# The Barnes-Hut Hierarchical Force-calculation Algorithm

The Barnes-Hut hierarchical force-calculation algorithm exploits the fact that, at a distance, the combined potential of a group of particles can be approximated by the potential of the center of mass of that group. As illustrated to the right, the algorithm makes use of a hierarchical quad-tree (or oct-tree in 3D) decomposition of the space containing the particles, and associates with each region its center of mass. After the tree (to the left) is built, the force calculation traverses the tree top down for each particle to accumulate the total force on the particle. Subregions are explored only if the region's center of mass is not sufficiently far away from the particle to be used as an approximation. Here is a pseudo-code for this algorithm:

```  function treeForce (p, node) =
if region at node contains 1 particle then
compute direct interaction between the two particles
else
if p is distant enough from region at node then
compute direct interaction between p
and the center-of-mass of node
else
for each subnode of node in parallel
compute treeForce (p, subnode) recursively
end for each
return the sum of the results
end if
end if
```

References [1-3] provide details about the criteria to be used to decide when to traverse the children of a node, about the approximations used to represent a region, and about the force computations.

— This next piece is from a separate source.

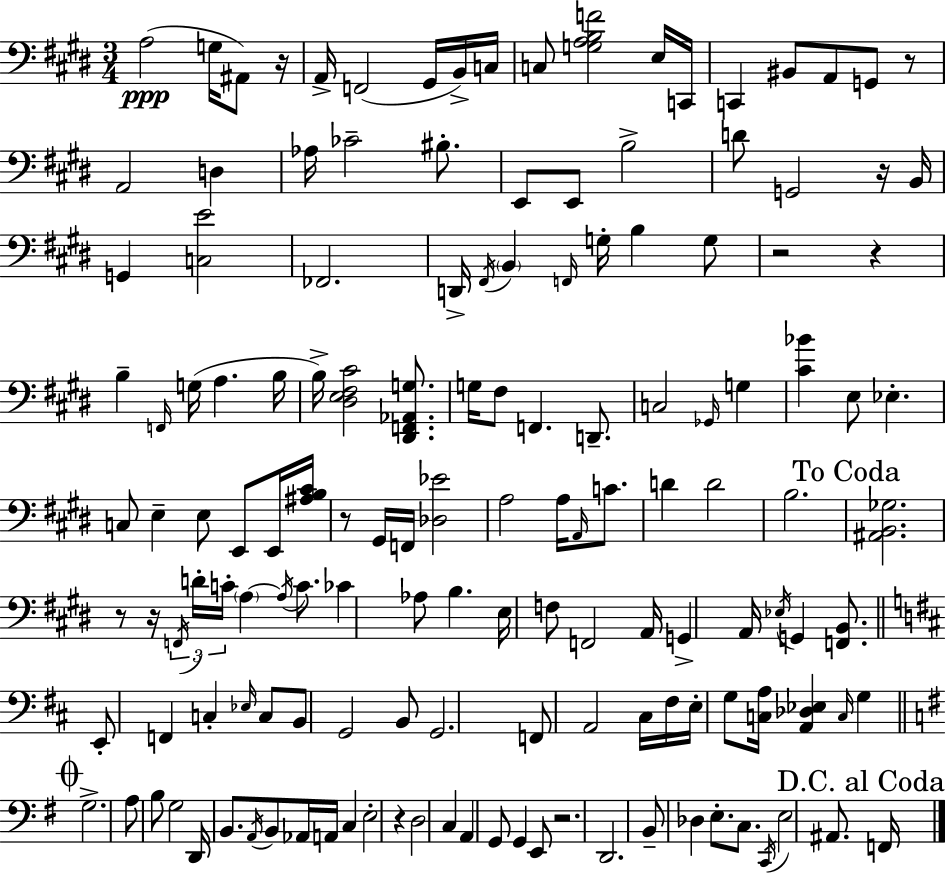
A3/h G3/s A#2/e R/s A2/s F2/h G#2/s B2/s C3/s C3/e [G3,A3,B3,F4]/h E3/s C2/s C2/q BIS2/e A2/e G2/e R/e A2/h D3/q Ab3/s CES4/h BIS3/e. E2/e E2/e B3/h D4/e G2/h R/s B2/s G2/q [C3,E4]/h FES2/h. D2/s F#2/s B2/q F2/s G3/s B3/q G3/e R/h R/q B3/q F2/s G3/s A3/q. B3/s B3/s [D#3,E3,F#3,C#4]/h [D#2,F2,Ab2,G3]/e. G3/s F#3/e F2/q. D2/e. C3/h Gb2/s G3/q [C#4,Bb4]/q E3/e Eb3/q. C3/e E3/q E3/e E2/e E2/s [A#3,B3,C#4]/s R/e G#2/s F2/s [Db3,Eb4]/h A3/h A3/s A2/s C4/e. D4/q D4/h B3/h. [A#2,B2,Gb3]/h. R/e R/s F2/s D4/s C4/s A3/q A3/s C4/e. CES4/q Ab3/e B3/q. E3/s F3/e F2/h A2/s G2/q A2/s Eb3/s G2/q [F2,B2]/e. E2/e F2/q C3/q Eb3/s C3/e B2/e G2/h B2/e G2/h. F2/e A2/h C#3/s F#3/s E3/s G3/e [C3,A3]/s [A2,Db3,Eb3]/q C3/s G3/q G3/h. A3/e B3/e G3/h D2/s B2/e. A2/s B2/e Ab2/s A2/s C3/q E3/h R/q D3/h C3/q A2/q G2/e G2/q E2/e R/h. D2/h. B2/e Db3/q E3/e. C3/e. C2/s E3/h A#2/e. F2/s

The `treeForce` computation for each particle is independent and can be computed in parallel. Moreover, the recursive force-computations in the tree traversal are independent and can be computed in parallel. The parallelism specified in `treeForce` is dynamic since the available parallelism increases with the depth of the recursion. It is irregular because the degree of parallelism specified and the locality of the interactions depends on the distribution of the particles.

This problem is suggested for consideration in Dagstuhl because the algorithm can be succinctly expressed in a high-level notation, yet an efficient implementation is challenging. Furthermore, some comparative performance data is available for low-level implementations.